I would argue that the roots of this are in Jung's psychoanalytical reinterpretation of alchemy. I do not dismiss Jung's exceptional insights but he set the precedent for a non-paranormal interpretation of the occult. Many would-be magicians do set out for a paranormal experience, find that they don't get one and then (perhaps to not lose face to themselves) retreat into magic as a language for explaining their inner life. As with Jung, sometimes that can produce insights and "poetic imagination" can be a nice way to experience life. However, it more often becomes a mental apparatus which comes between the "magician" and life, leading to confusion, delusion and obscurum per obscurius ("Yes Becky, absinthe may 'belong in Netzach' but how does that help you and why can't you be normal around people?"). It is, in other words, an elaborate and time-consuming mental game.
In the
Golden Bough, James Frazer famously wrote that magic is "a false science”. In historical terms, this is largely correct. The occult deserves the critique because, throughout history, occultists have been utterly addicted to
external explanations for those occasions when magic does work. It's the influence of the "planetary spheres", "astral" shenanigans or the interventions of angels, demons, etc. The scientific method and reason, a far better faculty for investigating the external, objective world, has made it much harder to sustain these explanations, even among occultists. Yet, turbo-charged by its success in material areas, for some, reason has become the barometer for explaining everything rather than just one limited mental faculty among many (it's necessarily limited because it's "for" dealing with matter/quantity rather than quality). Hardcore rationalists are often found in the strange and, ironically, emotionally driven position of trusting only matter and dismissing every single magical and mystical experience that has ever been reported on the planet. Because they have dismissed the frameworks which previously "explained" those experiences does not mean that the experience itself has been dismissed.

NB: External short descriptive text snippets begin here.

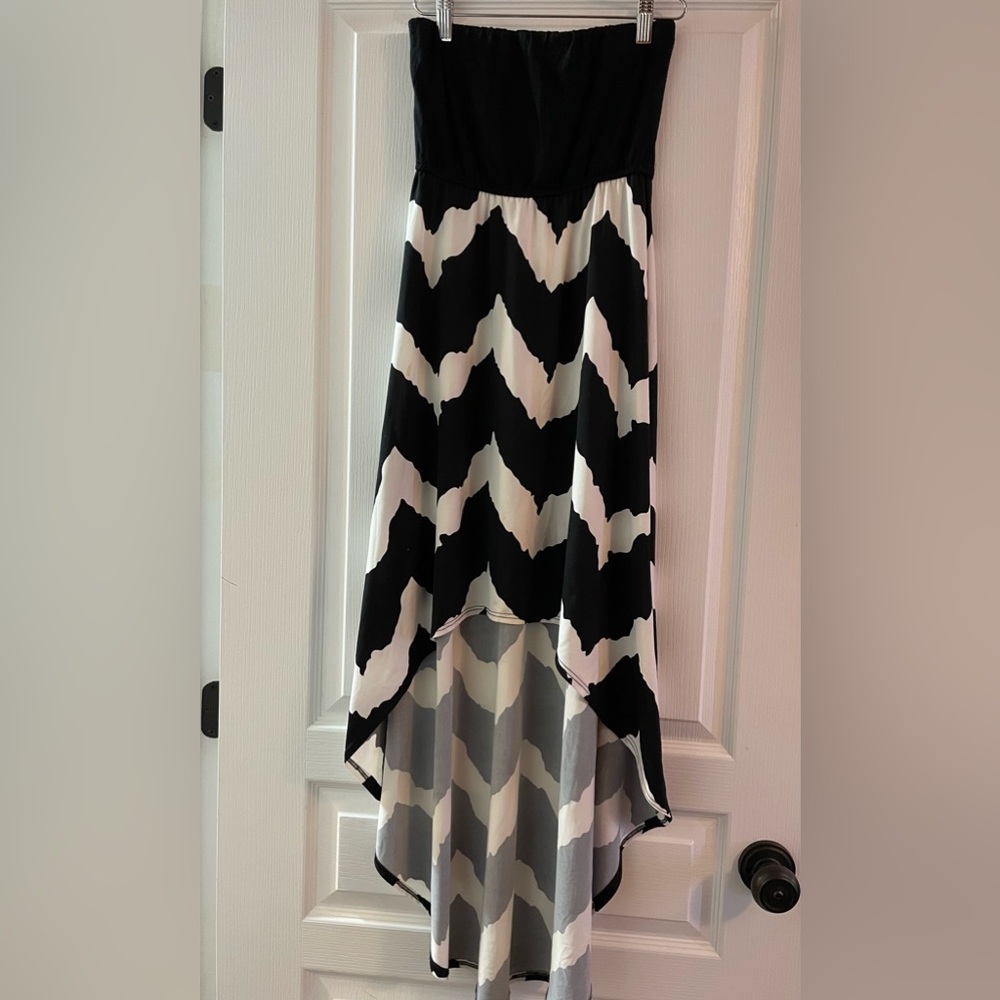 Elegant Asymmetrical Black and White strapless Dress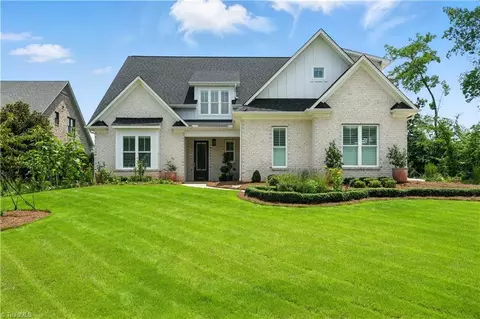 5834 Zinfandel St, Winston Salem, NC 27106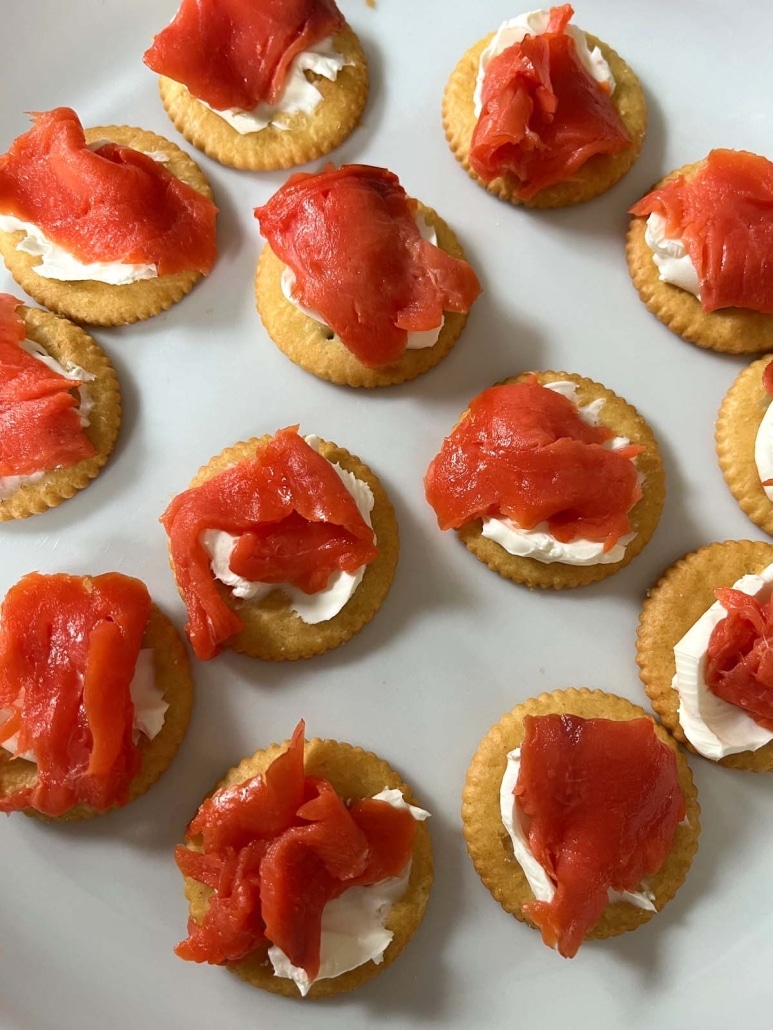 smoked salmon on ritz crackers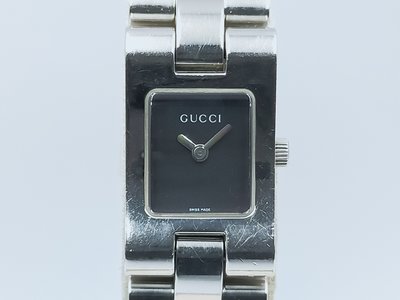 【發條盒子H2305】GUCCI 古馳 方型黑面 馬蹄型不銹鋼石英 經典女錶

Magic is real but most of what has been written about it is nonsense. Most, but not all. Crowley made the breakthrough that magic isn't bestowed by exterior powers but it is consciousness extending itself outside of the body in hitherto unexplained ways. There is your "true source": consciousness. I entirely share Crowley's view. As with all things, there are variables, elements which mean that sometimes magic will produce a stronger effect than at other times. Many of those variables are still being explored, many of the laws which govern magic are still being discovered. One known law is that, like a muscle, consciousness has to be trained in this work and with increased training it can perform magic with increasing accuracy and power, provided it is doing so in a circumstances where there aren't stronger forces at play.
There really should be some kind of universal textbook for magic.
Write it! But first train and join with others who are exploring. Given many of the dispositions displayed by your posts you'll be far better off in the New Aeon set (Thelemic, Setian, Chaote) than Old Aeon systems.